Written by Fumo Verde
If there were a genre called “high energy bluegrass music,” then Yonder Mountain String Band would be the poster child for it. If you have never been to one of their shows, you are missing something. The level of talent is extraordinary as these four men show how plucking and strumming should be done. This live double-CD pack contains 24 tracks, with some songs only heard at live shows. If bluegrass is your thing, then Mountain Tracks, Volume 5 is something to be added to your collection.
Disc one has eleven songs hand picked by bassist Ben Kauffman who pulled these tracks form live shows ranging from the years 2004 to 2007. “Nothin’ but Nothin’” and “Sideshow Blues” are two song I hope they play at Bonnaroo. “Nothin’ but Nothin’” starts out with a chopping guitar strum as the banjo dances around the bass and mandolin. Though the song only lasts just under three minutes, it feels longer as the music tells a tale of someone who is fed up with another, explaining that this person brought nothing and they will leave with nothing. In other words, don’t come in and try to push this band around.
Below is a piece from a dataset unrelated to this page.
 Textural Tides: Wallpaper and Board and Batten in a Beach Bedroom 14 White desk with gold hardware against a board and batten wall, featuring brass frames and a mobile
“Didn’t Go Wrong” is another trip Yonder takes you on. Banjo and mandolin play like a chorus as guitar and bass follow while the lyrics tell the story, “Everywhere I go I keep looking for my baby/ everywhere I look I keep finding she’s gone./ Used to drive her wild, now she’s driving me crazy / damn if the right thing didn’t go wrong / damn if the right thing didn’t go wrong.” Songs like these stay in your head long after you’ve turned off the CD player.
Disc two is from a live show performed in Columbus, Ohio at the Lifestyle Communities Pavilion on July 27, 2007. Listing to this CD you can get a feel for the relationship the band has with their audience. They banter back and forth with each other giving the show a more intimate feel. One of my favorite tracks on this disc was “40 Miles from Denver.” This song is a little slower than some of the others I have mentioned but it still has that foot-tapping beat to it. “Kentucky Mandolin” is different than your average bluegrass tune. The mandolin itself has that old Euro feel to it and when mixed with the Americana banjo sound, these two distinct instruments can conjure up ideas of haunted swamps, far-off bogs, and sleepy hallows all with a southern twang to it.
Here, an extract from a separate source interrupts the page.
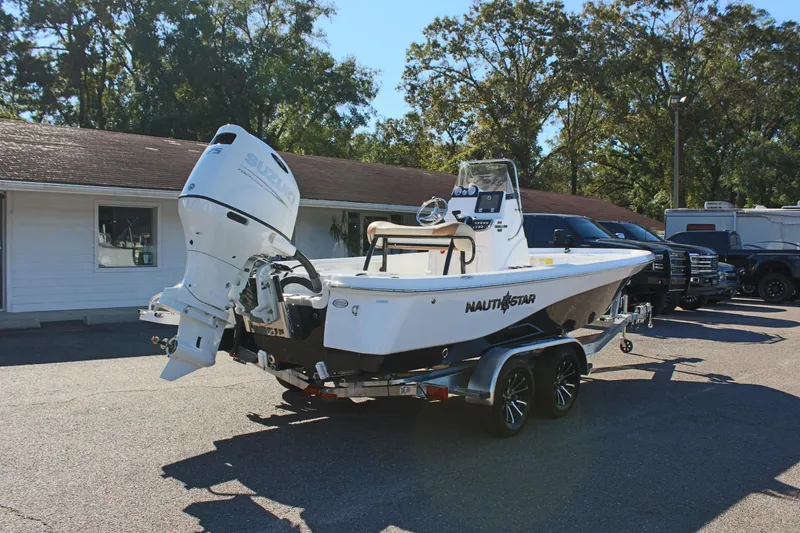 Slide: The Image of 2025 NauticStar 214 Shallow Bay boat on trailer, parked outdoors. - 8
If you ever go to a Yonder show, and lets say they play three nights in a row, you will not hear the same music all three nights. Each night will contain different songs than the night before so will walk away with an array of music that Yonder has put out over the past decade. Mountain Tracks, Vol. 5 has to be one of the finest CDs YMSB has put together and I’m sure there will be more to come from such an amazingly talented band.